Saturday, February 18, 2012

In a Slump!!

Okay, confession time! This will be my first post in a while. My computer has had some sort of virus the past few weeks. I think I finally fixed it today. Honestly though, I could have still been blogging using my phone. I just haven't!!! I don't really know why. I am beating myself up a little bit (actually A LOT) today. I worked so hard to lose weight from mid-July until Thanksgiving. I did such a good job, but since then I just haven't stuck with it. I have had a few good weeks here and there, but for the most part I just haven't tried. I started Biggest Loser and really thought it would get me motivated again, but I have actually gained weight since I started!!! I haven't been exercising and I have been eating much more than I should!!! I am slowly watching the scales go up instead of down and it is very depressing (which causes me to eat more)!! Why is that?

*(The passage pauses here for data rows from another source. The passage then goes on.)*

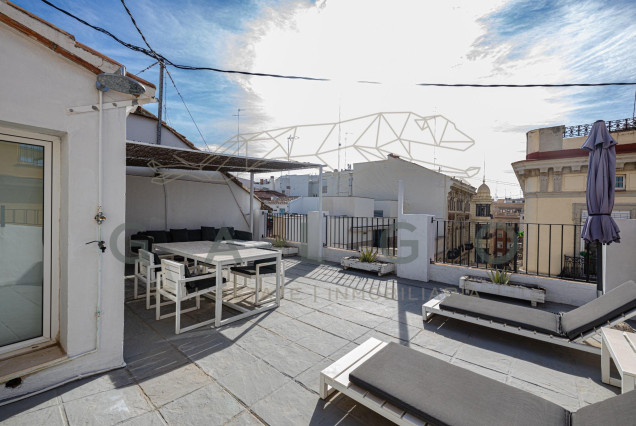 Alquiler a largo plazo - Ático - Valencia - Ciutat Vella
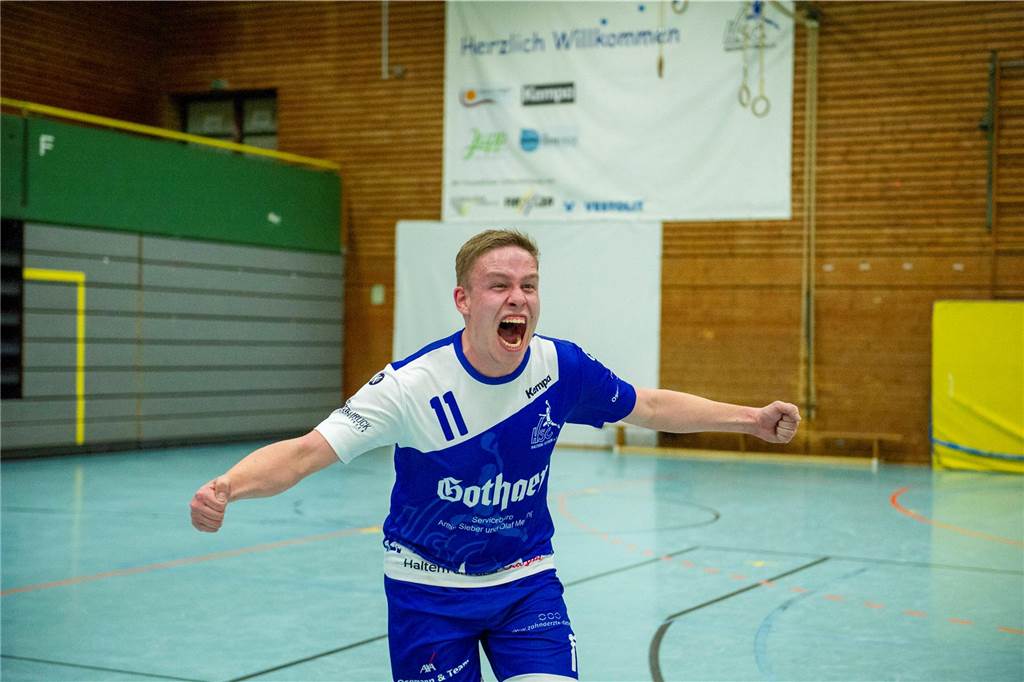 Dank eines 27:10-Sieges gegen die HSG Rauxel-Schwerin III sind die Herren III des HSC Haltern-Sythen nicht mehr von einem der beiden Aufstiegsplätze in der 2. Kreisklasse zu verdrängen. Der Jubel nach dem Spiel war groß.
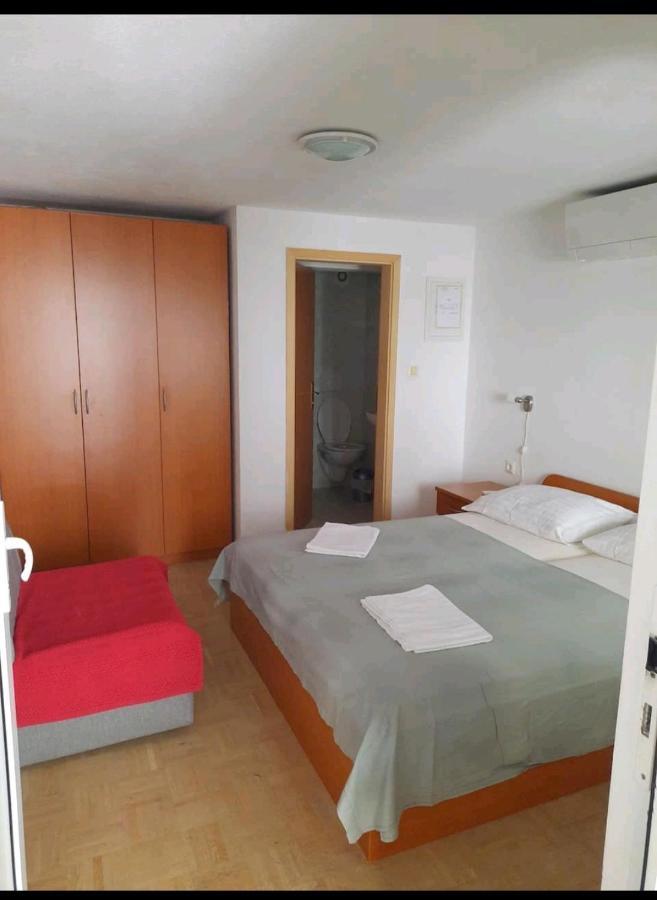 Hotel Vila Doris Baška Voda Zewnętrze zdjęcie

I have also made some very difficult decisions in my life recently, and I tend to eat more when I am going through rough patches. Why couldn't I be one of those people who find it difficult to eat when life gets hard? My goal to get in those "dream jeans" and that cute bathing suit by summer is getting further away. I have got to snap out of this slump!!! I am just disgusted when I think of where I could be right now if I had kept it up the past 3 months. I would be soooo much closer to my goal!!! When I started this blog I gave myself a year to get where I wanted to be - from FAT to Fabulous. I have got to get back on track or that will not happen. I need some motivation!!!